Chanting "Hare Krishna, Hare Krishna," hundreds of believers of the Hindu sect dragged a crimson 30-foot-high chariot cloaked in sunflowers, carnations and roses. Wrapped in colorful clothing, they marched down Light Street yesterday afternoon and ended in the Inner Harbor, stalling traffic and drawing curious stares.
This was the local version of Rathayatra, an Indian religious chariot parade.
Figures of the three Hindu deities -- Krishna, Balarama and Subhadra -- are taken from a temple and placed on the elaborately decorated chariot. For believers, pulling the chariot symbolizes bringing the deities into their hearts, said Sunanda Das, a festival coordinator.
"The whole cart pulling is an event that has gone on for thousands of years, and it commemorates Krishna ... and the people's devotion," he said.
The multiethnic participants, dressed in vivid saris and tunics, danced to the rhythm of the chants and songs. They raised their hands in the air, clapped and chanted different variations of "Hare Krishna."
This was the fifth year that the Rathayatra parade marched through Baltimore.
"Every year, it has grown larger and larger," said Das, who estimated there were more than 200 participants.
The procession was sponsored by the International Society for Krishna Consciousness of Baltimore, based in Catonsville.
Rathayatra parades also are held in cities such as New York, Los Angeles and Washington.

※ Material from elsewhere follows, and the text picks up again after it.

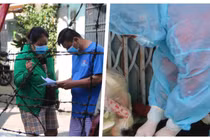 Toàn bộ xét nghiệm của F1, F2 trên địa bàn TP.HCM đều âm tính (Ảnh: Hải Linh, Hoà Bình ghép)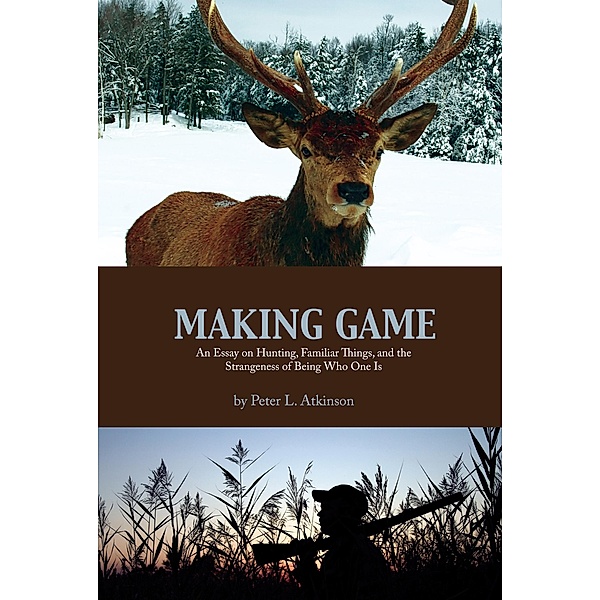 Making Game / Cultural Dialectics, Peter L. Atkinson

"Now it's celebrated in major cities around the world, and they're bringing the culture here to share with the American people," said Jahnavi Sankhla, a 24-year-old from Brookeville in Montgomery County. Dressed in a crimson and gold sari, she and her mother held a banner that led the procession.
Followers of Hare Krishna believe that chanting will bring happiness and increase spiritual consciousness.

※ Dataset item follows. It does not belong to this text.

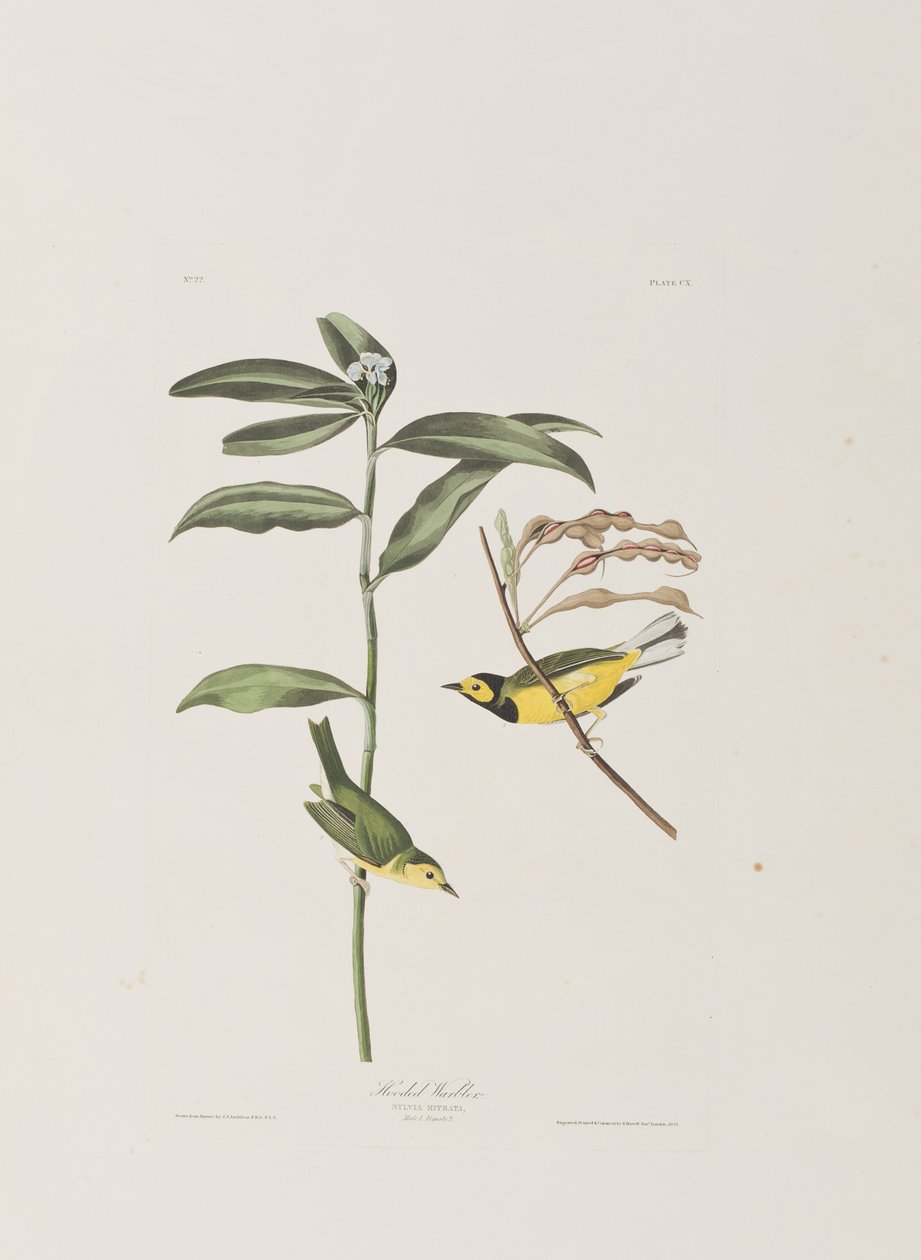Ilustración de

"When you say the Lord's name, you feel like dancing and singing," said Swati Gupta of Potomac, who brought her 3-month-old son, Krishna. "You just feel happy."
Worshipers marched half a mile while handing out religious pamphlets and bags of nuts and raisins -- which they called blessings. One befuddled bystander who received a bag of nuts stood on the sidewalk as the parade moved slowly by him.
"I don't know what's going on, but it's very upbeat," said Rich Chriscoe, 49, of Baltimore.
After the two-hour procession, there was an arts and music festival underneath rainbow awnings. The organizers also offered a free vegetarian meal of sweet and sour vegetables, curried rice with peas, farina cake and lemonade.
A. C. Bhaktivedanta Swami Prabhupada brought the Krishna consciousness movement to the United States in the 1960s. Followers were known for their chanting and became controversial for soliciting money and handing out religious literature in airport terminals.